Exploring the Decision to Leave or Enter STEM Majors While in College (Using R and Tableau)

March 30, 2019

NOTE: You can find an interactive version of these visualizations on Tableau.


The goal of this project is to explore trends in STEM enrollment for different populations.


Specifically, it asks: Are traditionally underrepresented groups more likely to migrate into or out of STEM majors? What discrepancies are present between different demographic groups?


The Data

The dataset for this R project is taken from data.world and contains the enrollment numbers for undergraduates nationwide. I modified that data in Excel to make it more suitable for this project.


I did the majority of work for this project in R. You can find the documentation here.

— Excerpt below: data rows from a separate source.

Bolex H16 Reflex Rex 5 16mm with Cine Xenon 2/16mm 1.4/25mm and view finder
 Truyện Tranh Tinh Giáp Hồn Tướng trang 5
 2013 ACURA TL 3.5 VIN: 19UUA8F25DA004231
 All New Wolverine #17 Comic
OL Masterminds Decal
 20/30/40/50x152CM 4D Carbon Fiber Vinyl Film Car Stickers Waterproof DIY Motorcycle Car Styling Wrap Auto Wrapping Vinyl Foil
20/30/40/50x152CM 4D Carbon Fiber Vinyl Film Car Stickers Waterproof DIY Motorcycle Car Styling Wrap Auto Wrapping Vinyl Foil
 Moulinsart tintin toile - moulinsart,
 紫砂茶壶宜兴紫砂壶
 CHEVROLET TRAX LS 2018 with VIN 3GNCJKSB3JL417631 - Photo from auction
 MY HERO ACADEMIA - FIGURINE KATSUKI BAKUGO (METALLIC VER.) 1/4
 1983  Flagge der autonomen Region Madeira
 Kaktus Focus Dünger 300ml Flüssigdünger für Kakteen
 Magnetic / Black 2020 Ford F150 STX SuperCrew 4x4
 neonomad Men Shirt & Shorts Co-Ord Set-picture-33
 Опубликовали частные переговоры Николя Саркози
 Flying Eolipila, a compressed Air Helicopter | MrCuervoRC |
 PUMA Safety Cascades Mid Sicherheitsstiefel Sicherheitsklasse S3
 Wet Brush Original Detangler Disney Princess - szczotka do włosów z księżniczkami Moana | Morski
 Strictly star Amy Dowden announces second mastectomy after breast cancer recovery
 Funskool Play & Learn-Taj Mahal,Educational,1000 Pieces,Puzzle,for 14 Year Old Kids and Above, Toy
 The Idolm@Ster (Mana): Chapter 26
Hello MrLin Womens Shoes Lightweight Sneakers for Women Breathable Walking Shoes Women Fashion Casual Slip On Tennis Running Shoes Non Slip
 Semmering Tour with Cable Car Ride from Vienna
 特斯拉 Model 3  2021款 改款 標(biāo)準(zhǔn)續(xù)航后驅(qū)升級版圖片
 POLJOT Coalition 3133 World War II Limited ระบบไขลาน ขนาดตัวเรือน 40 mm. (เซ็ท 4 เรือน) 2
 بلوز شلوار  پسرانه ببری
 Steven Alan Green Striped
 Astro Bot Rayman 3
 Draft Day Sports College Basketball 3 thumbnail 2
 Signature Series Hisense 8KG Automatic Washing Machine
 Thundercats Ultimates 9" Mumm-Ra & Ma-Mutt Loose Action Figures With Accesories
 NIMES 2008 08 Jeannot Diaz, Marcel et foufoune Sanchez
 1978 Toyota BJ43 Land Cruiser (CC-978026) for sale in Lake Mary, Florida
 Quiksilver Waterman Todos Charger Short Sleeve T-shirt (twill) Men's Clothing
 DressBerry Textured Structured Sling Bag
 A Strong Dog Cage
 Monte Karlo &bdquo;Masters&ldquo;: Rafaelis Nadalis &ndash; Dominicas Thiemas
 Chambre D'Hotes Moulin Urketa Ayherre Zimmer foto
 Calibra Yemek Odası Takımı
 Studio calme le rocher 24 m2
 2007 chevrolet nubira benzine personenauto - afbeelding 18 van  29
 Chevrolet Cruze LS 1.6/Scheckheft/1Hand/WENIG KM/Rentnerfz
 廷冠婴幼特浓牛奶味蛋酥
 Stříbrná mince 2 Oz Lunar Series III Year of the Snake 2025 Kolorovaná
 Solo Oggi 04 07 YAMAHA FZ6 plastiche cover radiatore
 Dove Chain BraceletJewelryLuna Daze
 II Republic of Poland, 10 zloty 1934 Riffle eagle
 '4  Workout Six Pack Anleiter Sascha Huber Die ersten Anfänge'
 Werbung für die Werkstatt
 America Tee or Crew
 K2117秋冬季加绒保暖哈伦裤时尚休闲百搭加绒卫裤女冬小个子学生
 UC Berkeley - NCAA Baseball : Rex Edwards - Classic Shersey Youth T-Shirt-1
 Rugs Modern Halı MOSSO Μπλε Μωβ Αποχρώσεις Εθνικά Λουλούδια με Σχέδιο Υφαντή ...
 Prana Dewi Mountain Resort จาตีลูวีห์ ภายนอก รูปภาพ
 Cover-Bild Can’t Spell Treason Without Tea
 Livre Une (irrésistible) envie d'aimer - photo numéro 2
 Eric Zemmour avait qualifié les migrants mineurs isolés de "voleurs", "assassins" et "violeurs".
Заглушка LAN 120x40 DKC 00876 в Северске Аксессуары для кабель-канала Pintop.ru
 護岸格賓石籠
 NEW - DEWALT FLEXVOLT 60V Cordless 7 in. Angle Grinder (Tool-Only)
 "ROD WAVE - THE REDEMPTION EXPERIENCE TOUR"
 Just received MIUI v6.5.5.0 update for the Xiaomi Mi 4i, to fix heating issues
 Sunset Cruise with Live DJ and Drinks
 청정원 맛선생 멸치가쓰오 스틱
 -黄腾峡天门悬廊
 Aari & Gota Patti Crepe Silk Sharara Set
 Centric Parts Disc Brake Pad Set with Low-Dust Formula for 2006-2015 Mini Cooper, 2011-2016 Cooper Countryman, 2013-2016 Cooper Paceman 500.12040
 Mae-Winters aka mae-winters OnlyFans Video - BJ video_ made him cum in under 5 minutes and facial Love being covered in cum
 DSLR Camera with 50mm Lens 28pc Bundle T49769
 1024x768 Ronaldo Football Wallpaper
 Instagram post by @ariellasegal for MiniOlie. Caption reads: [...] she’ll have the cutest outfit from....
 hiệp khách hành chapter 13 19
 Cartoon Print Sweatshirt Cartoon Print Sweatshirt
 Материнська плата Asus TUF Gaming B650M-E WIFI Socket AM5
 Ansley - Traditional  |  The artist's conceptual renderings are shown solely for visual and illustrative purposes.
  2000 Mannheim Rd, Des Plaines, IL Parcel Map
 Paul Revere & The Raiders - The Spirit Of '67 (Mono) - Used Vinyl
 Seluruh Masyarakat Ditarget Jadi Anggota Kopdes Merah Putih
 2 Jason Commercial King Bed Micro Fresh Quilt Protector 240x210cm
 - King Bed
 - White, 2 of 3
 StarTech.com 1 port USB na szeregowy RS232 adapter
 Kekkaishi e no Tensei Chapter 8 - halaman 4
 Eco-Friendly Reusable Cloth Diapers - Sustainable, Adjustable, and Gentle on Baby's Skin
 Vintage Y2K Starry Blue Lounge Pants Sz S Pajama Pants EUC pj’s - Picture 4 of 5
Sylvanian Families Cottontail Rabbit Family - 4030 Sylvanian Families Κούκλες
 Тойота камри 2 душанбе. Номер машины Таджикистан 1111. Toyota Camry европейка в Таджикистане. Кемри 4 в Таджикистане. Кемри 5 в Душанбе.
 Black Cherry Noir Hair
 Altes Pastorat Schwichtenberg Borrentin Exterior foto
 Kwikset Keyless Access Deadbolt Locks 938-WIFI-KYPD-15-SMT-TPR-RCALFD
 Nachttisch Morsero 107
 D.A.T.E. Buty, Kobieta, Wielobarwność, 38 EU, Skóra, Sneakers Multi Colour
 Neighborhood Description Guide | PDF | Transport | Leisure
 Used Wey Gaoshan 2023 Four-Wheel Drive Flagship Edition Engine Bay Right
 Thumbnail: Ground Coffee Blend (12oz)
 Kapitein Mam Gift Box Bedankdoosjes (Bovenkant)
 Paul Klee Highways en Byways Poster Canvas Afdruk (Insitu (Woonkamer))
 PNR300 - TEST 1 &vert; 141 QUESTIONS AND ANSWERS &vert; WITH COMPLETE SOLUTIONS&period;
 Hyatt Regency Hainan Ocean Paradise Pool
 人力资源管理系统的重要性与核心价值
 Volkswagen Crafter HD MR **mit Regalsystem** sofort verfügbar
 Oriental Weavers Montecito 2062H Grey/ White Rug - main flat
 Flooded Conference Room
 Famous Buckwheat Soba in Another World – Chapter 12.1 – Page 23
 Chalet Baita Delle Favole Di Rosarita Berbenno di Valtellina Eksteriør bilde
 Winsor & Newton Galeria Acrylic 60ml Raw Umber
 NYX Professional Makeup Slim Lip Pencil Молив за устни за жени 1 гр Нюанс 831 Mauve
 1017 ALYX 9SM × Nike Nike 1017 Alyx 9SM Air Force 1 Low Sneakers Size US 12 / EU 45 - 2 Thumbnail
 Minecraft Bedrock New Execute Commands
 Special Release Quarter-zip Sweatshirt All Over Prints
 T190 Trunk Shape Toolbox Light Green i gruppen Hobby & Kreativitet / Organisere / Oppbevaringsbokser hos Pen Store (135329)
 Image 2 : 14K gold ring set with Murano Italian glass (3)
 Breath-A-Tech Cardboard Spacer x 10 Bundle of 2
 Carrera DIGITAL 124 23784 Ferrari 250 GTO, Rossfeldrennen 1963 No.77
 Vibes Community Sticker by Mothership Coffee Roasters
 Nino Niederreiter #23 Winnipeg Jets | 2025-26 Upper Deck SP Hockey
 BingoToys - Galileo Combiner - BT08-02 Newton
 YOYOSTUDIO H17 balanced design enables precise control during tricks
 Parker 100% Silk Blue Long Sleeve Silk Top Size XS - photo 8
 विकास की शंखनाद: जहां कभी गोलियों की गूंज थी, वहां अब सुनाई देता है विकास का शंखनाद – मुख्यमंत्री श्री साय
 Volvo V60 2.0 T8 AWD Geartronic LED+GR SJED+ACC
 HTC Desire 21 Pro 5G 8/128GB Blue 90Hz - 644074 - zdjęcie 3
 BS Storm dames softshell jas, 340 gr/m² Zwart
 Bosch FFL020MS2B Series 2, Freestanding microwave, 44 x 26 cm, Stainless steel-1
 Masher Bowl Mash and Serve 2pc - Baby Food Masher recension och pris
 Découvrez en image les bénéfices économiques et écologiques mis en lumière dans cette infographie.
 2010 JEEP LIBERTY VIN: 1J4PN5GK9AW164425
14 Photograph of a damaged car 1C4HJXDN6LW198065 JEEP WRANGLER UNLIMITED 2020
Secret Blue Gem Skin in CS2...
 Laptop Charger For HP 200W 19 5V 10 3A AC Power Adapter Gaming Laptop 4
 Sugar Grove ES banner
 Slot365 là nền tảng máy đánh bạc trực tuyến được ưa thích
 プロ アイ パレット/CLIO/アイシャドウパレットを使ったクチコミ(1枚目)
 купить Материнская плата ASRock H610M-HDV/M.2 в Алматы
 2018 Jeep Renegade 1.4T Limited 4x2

Although I'll spare you the details of every command (if you were that interested, you would be reading the code and not this blog post), the analysis relies on a few simple calculations and summary statistics.


First, I'm interested in the proportion of a class that is of a certain demographic (female, Black, Hispanic).
Second, I want to find the change in that proportional enrollment between the class's first year (matriculation) and their final year (graduation).

By creating a variable which divides the groups enrollment by overall enrollment, we can find proportional enrollment. By subtracting proportional enrollment at the time of graduation from the time of matriculation, we can see how that class changed. In other words, we can see how a certain group (e.g. women) migrated in and out of STEM majors. 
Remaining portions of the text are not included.